What to work on: Would you transcribe the entries below, beginning at the line with "The following information" and ending after the line with "In the Add Search", exactly, with no picture and nothing more?

Data for this task:
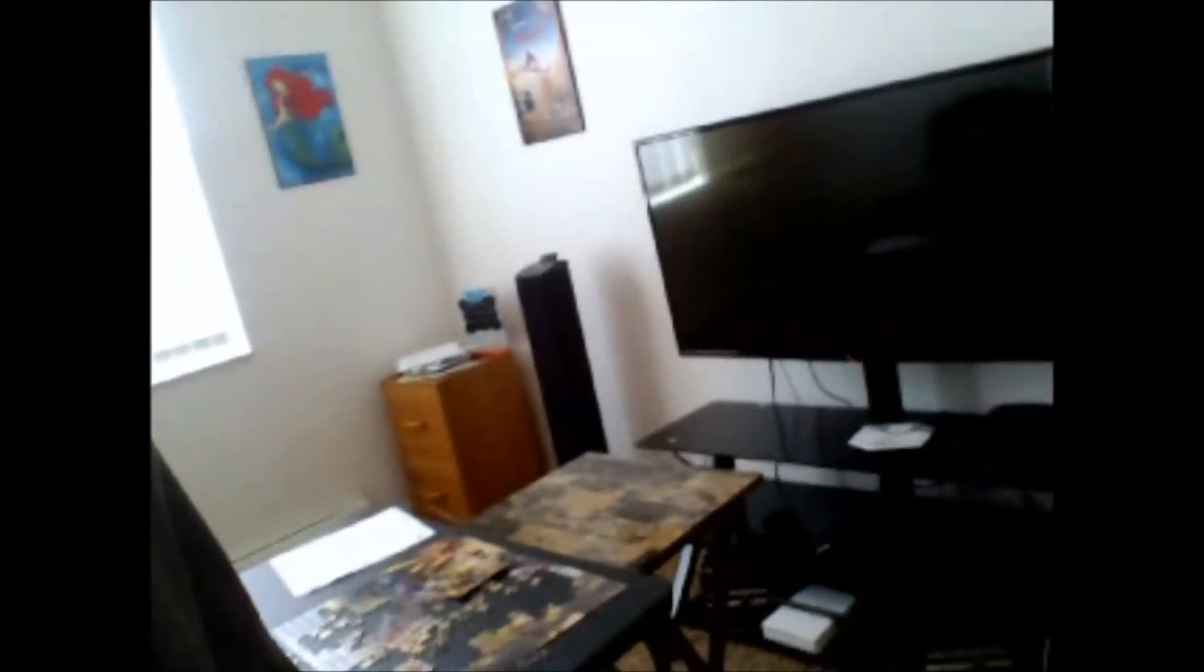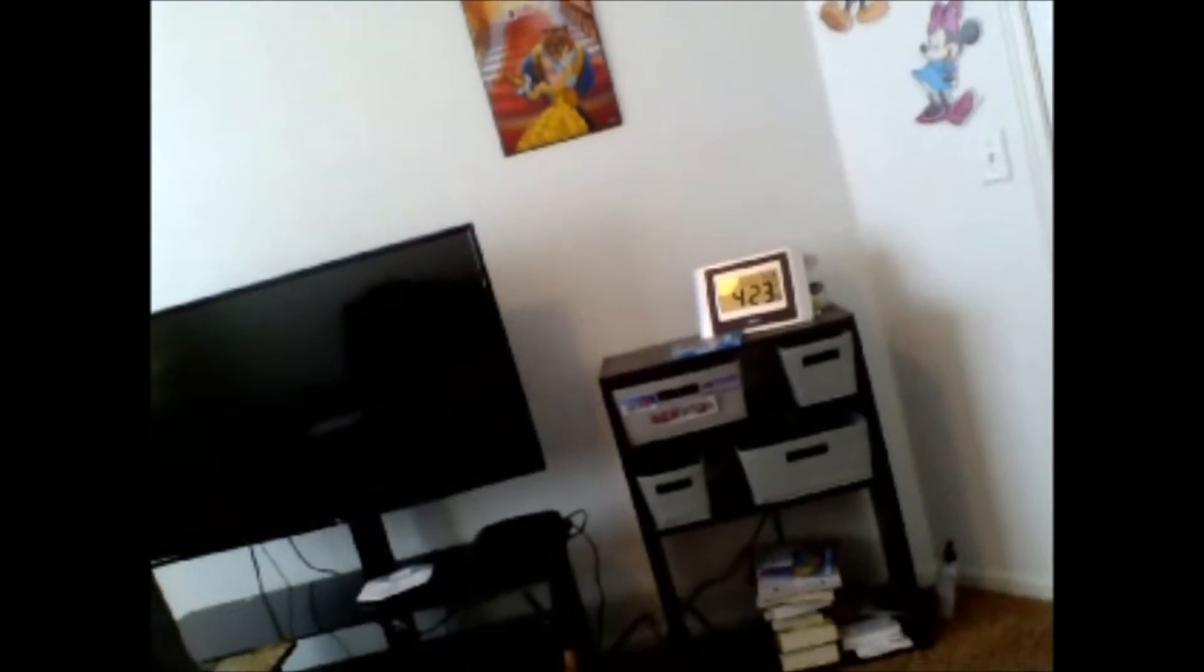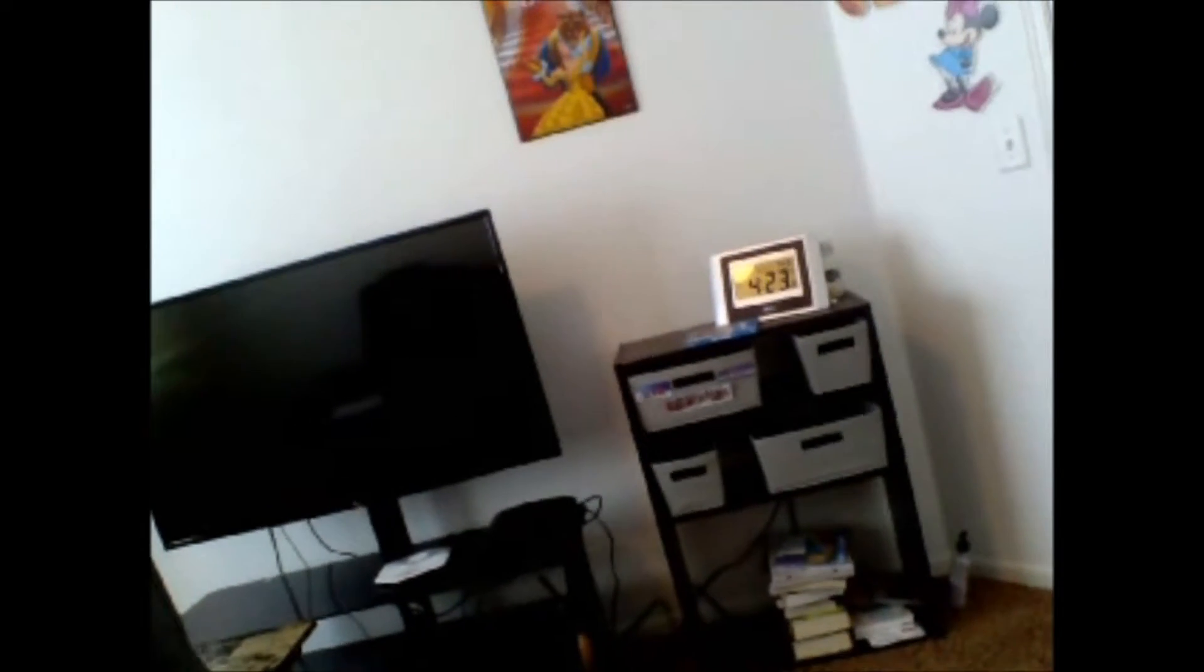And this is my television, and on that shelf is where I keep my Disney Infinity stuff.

* * *

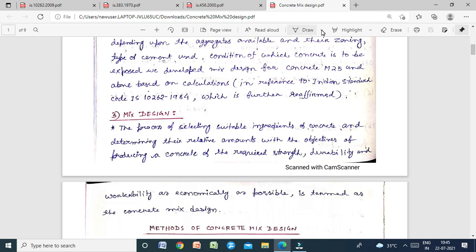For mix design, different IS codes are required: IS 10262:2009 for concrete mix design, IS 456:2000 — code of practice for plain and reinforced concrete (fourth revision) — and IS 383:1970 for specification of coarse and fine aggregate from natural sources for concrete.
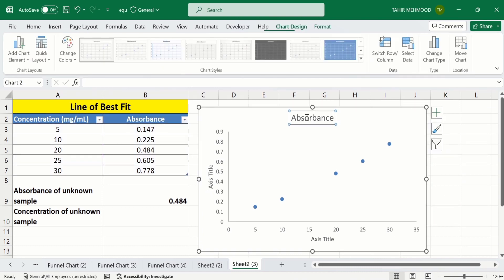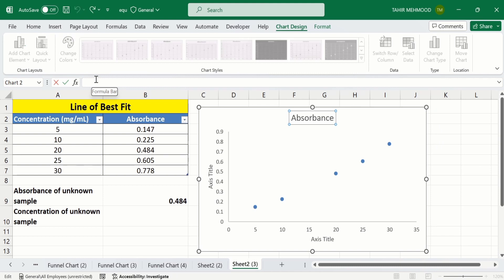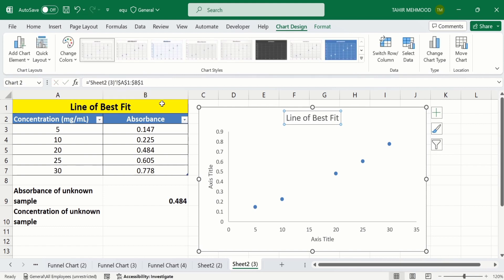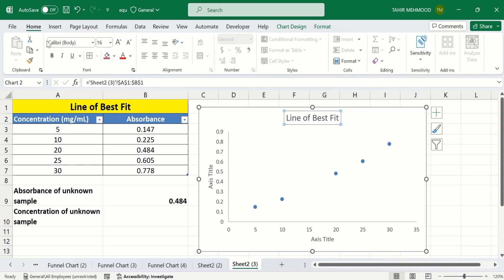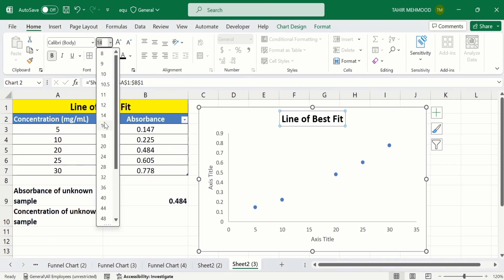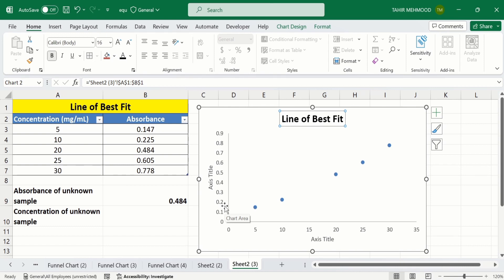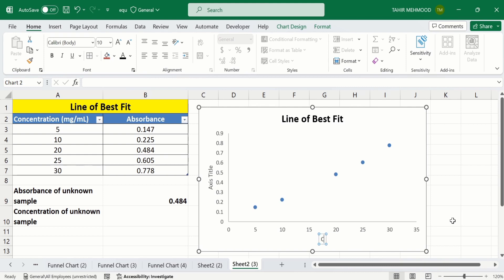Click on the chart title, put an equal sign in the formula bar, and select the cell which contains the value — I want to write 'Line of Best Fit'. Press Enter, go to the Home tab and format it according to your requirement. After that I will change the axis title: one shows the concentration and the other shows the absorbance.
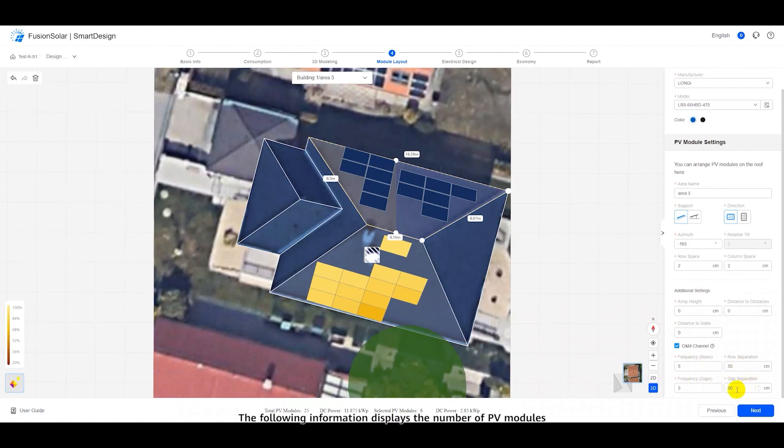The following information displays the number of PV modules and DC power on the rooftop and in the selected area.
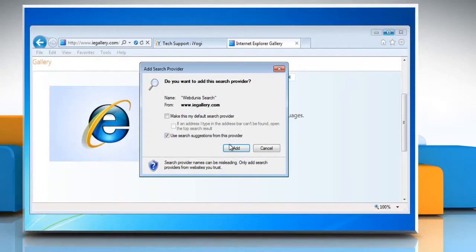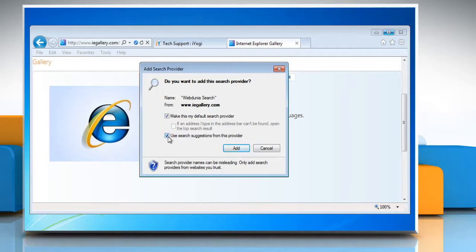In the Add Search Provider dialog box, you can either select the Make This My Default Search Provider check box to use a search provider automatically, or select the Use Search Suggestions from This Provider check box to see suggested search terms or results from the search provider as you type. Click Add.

Response to this exercise:
The following information displays the number of PV modules and DC power on the rooftop and in the selected area.
In the Add Search Provider dialog box, you can either select the Make This My Default Search Provider check box to use a search provider automatically, or select the Use Search Suggestions from This Provider check box to see suggested search terms or results from the search provider as you type. Click Add.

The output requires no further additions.